With Once Upon a Time in Mexico, the grown-up Rodriguez lovingly, shamelessly embellishes the mythology he forged in the no-budget El Mariachi, a $7,000 super-8 movie that cost $1 million to blow up to 35mm for theaters. Even after the more controlled Desperado, he remains a post-Spy kid at heart, indulging in all manner of explosions, blood spatters, slaphappy editing, Johnny Depp improvisations, cynical repartee and unfashionably juvenile trash talk. Plus, on the ambitious size, political subtext that could seem incendiary to those who look beyond the plentiful pyrotechnics.

The plot starts as a simple matter of revenge. Antonio Banderas lost his one true love--a silent, if butt-kicking Salma Hayek--to a man who now runs a drug cartel pitted against Mexico's president. Is he a legend or a real man, wonders an eyepatched Cheech Marin, recounting the legend of El Mariachi (or "El," as he is known), while CIA agent Sands (Johnny Depp) marinates himself in tequila and roast pork.

Sands is a one man Spy-vs.-Spy, a roach of a mole pulling the strings to make things go boom. The distributors were probably wise to wait until after seeing how Pirates of the Caribbean might perform. With its second-highest gross of the summer, more and more people are surely drawn to Depp's memorable theatrics. (His turn as an undercover agent--at one point, he's walking down a village street with a T-shirt emblazoned "CIA"--has some of the same ironic calm as George Clooney's spy-turn in Confessions of a Dangerous Mind.)
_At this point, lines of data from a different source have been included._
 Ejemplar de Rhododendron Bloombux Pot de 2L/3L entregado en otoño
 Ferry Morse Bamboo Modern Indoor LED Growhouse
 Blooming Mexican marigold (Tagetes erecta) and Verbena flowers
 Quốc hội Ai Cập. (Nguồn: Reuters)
Funny hats, goofy T-shirts and a bland, bland voice are what Rodriguez allows Depp in terms of cartoonishness. The bad attitude of his character, however--craven, demanding, cocky beyond boundaries--becomes more and more a commentary on U.S. arrogance in its behavior below the border. How does a superpower overpower adversaries? Make note of when Sands indicates his readiness to whip off Marin's patch and to insert a portion of himself into the socket; it's characteristic of the script's crudeness with purpose. A game actor, a lousy line, a guilty laugh. Followed by a political aftertaste, and by the movie's cascade of climaxes, a payoff straight out of the Oedipus story. "How blind can one nation be?" Rodriguez's symbols bluntly ask amid the fusillades and detonations.

Rodriguez has another affectation about eyes. Banderas, along with many of the other actors, suffers from Rodriguez's own high-definition video cinematography. Brooding nicely, with a thick mop of long black hair, Banderas is memorable although you can't see his eyes in many daylight scenes, nor those of his opponents. Stylization or is it DIY proponent Rodriguez taking on too many tasks?
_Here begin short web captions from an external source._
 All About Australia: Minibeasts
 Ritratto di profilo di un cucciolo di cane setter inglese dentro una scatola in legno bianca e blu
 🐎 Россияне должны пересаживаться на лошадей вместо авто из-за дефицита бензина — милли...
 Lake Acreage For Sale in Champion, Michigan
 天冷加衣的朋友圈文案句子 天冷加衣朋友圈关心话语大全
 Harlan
Rodriguez awards himself many credits, as he did with the last two Spy Kids installments, including that he "shot, chopped and scored" this "Robert Rodriguez Flick." Flick is a word that I've always disliked, but it may be the best encomium for this mad mix of Mad magazine craziness, critique of American interventionist foreign policy and big, bad blow-em-up. Rodriguez's many action set pieces are "chopped" with heedless passion. While Once lacks the stately beauty of the pacing and framing of Sergio Leone's spaghetti westerns or the magical absurdism of Alejandro Jodorowsky's cruel fables, there's a fury here that's like someone compulsively wrecking and cleaning up their own messes after themselves.
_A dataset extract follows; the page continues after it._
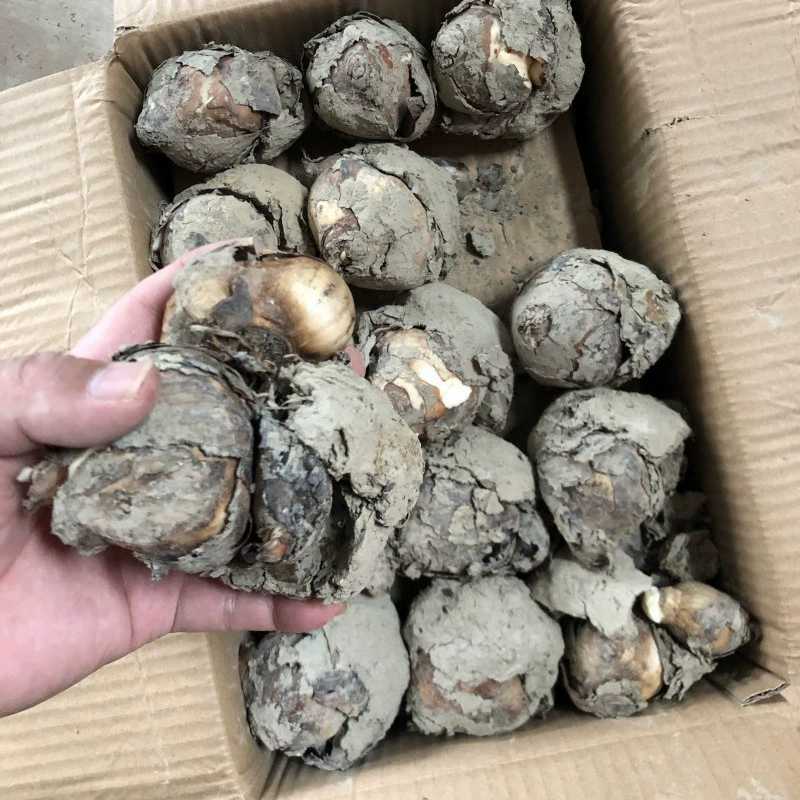 Нарцисс шар происхождения Цена электронная коммерция оптовая продажа Новогодние цветы Гидропонные морозостойкие растительные украшения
The movie's finale is its most touching and pointed, an image of weight. (You may want to stop here if you haven't seen the movie.) Having vanquished all the varmints and politicos, taking the long, deserted highway out of the poisoned `ville like the nameless narrator at the end of Dashiell Hammett's Red Harvest, "El" marches purposely along the long, long road, the colors of the Mexican flag furling around him as the embodiment of the nation itself. Cheeky mythmaking from a Spanish-born actor and an Austin-bred director.